=== TASK BRIEF ===
Two lines in the listing below mark the span: one contains "Molotow Acrylmarker ONE4ALL" and one contains "Peugeot 508 1.6". Reproduce both of them and everything between, exactly.

=== RAW DATA ===
○ ○ ○ ○ ○ ○ ○
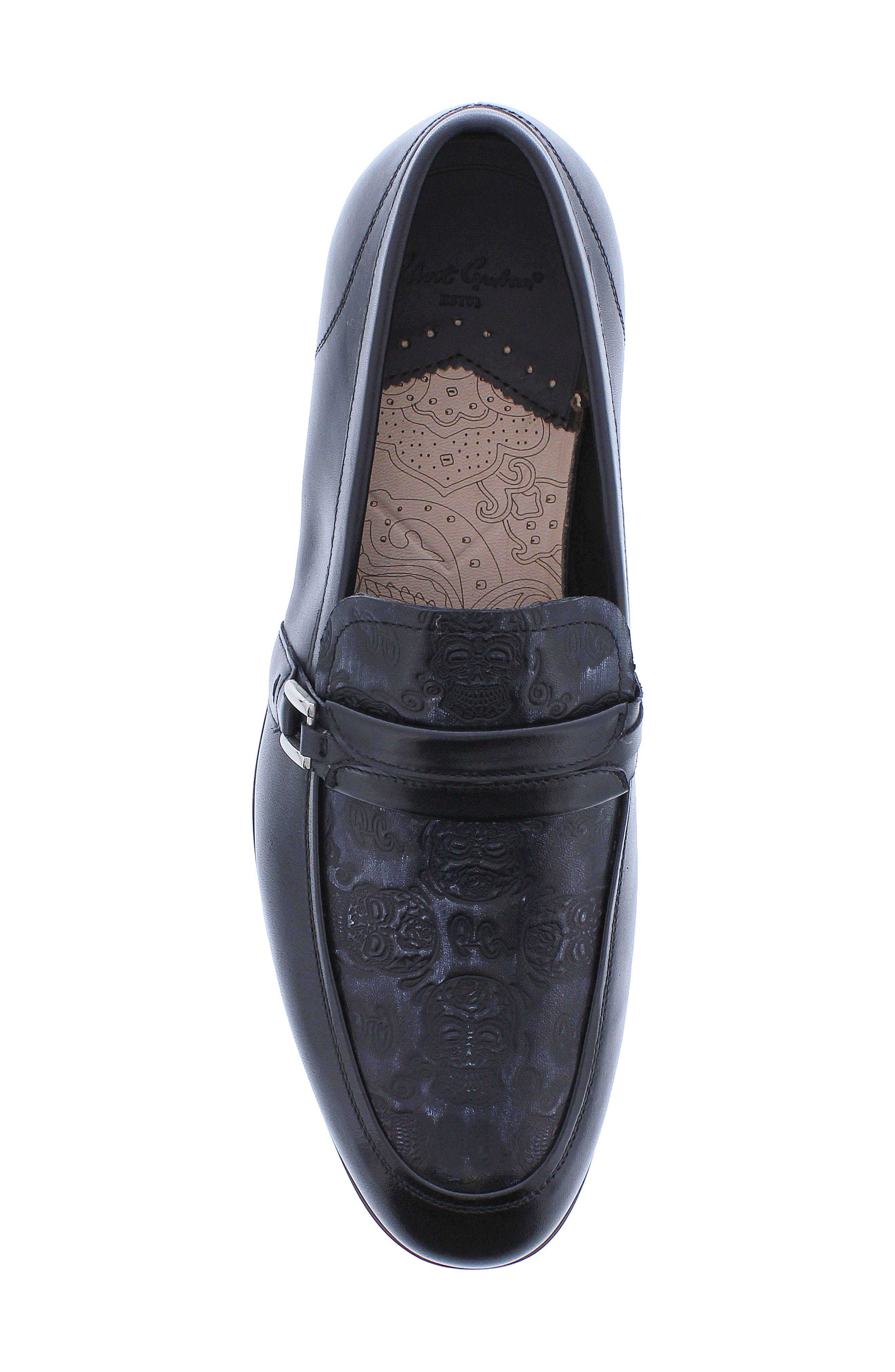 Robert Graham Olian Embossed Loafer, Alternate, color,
○ ○ ○ ○ ○ ○ ○
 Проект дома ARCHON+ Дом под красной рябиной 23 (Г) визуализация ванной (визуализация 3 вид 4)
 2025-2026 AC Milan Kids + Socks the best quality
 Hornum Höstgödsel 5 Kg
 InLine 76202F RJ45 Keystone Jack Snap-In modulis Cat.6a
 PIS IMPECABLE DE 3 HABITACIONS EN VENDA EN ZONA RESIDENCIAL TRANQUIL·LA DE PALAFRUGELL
○ ○ ○ ○ ○ ○ ○
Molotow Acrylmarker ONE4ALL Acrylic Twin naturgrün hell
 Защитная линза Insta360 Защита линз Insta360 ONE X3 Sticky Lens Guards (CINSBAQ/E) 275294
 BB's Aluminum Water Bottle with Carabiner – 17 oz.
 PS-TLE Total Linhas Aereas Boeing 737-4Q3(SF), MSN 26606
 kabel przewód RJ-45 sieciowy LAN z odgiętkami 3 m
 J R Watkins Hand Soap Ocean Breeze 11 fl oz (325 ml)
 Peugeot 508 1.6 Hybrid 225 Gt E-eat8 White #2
○ ○ ○ ○ ○ ○ ○
=== RESPONSE AREA ===
Molotow Acrylmarker ONE4ALL Acrylic Twin naturgrün hell
 Защитная линза Insta360 Защита линз Insta360 ONE X3 Sticky Lens Guards (CINSBAQ/E) 275294
 BB's Aluminum Water Bottle with Carabiner – 17 oz.
 PS-TLE Total Linhas Aereas Boeing 737-4Q3(SF), MSN 26606
 kabel przewód RJ-45 sieciowy LAN z odgiętkami 3 m
 J R Watkins Hand Soap Ocean Breeze 11 fl oz (325 ml)
 Peugeot 508 1.6 Hybrid 225 Gt E-eat8 White #2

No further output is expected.